[The data]
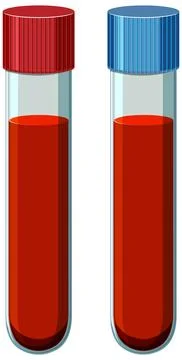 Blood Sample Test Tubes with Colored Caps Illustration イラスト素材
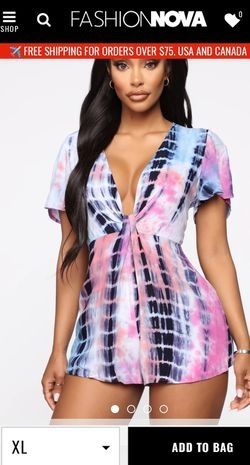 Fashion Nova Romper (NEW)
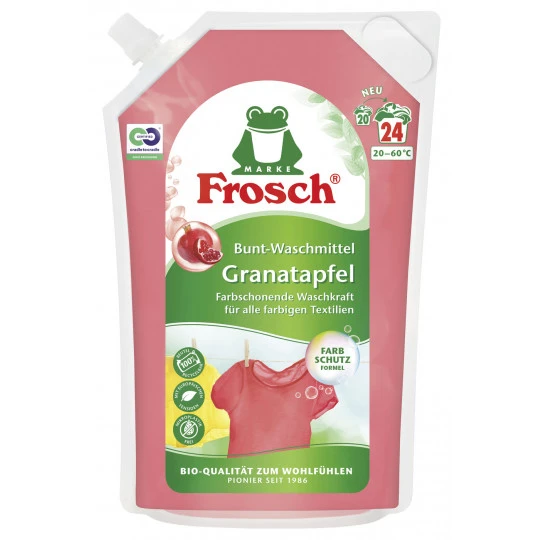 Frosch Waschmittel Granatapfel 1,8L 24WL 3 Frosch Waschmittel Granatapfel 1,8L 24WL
[/The data]
[The data]
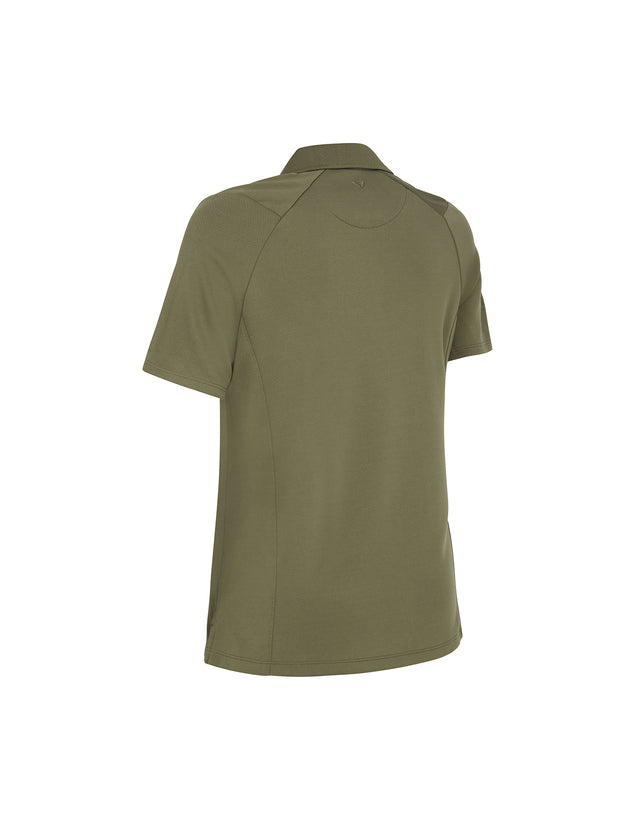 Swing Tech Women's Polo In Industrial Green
[/The data]
Exercise directions:
Starting at the line that contains "Blood Sample Test" and ending at the line that contains "Frosch Waschmittel Granatapfel 1,8L 24WL 3", transcribe the material above exactly, excluding pictures.

Completed task:
 Blood Sample Test Tubes with Colored Caps Illustration イラスト素材
 Fashion Nova Romper (NEW)
 Frosch Waschmittel Granatapfel 1,8L 24WL 3 Frosch Waschmittel Granatapfel 1,8L 24WL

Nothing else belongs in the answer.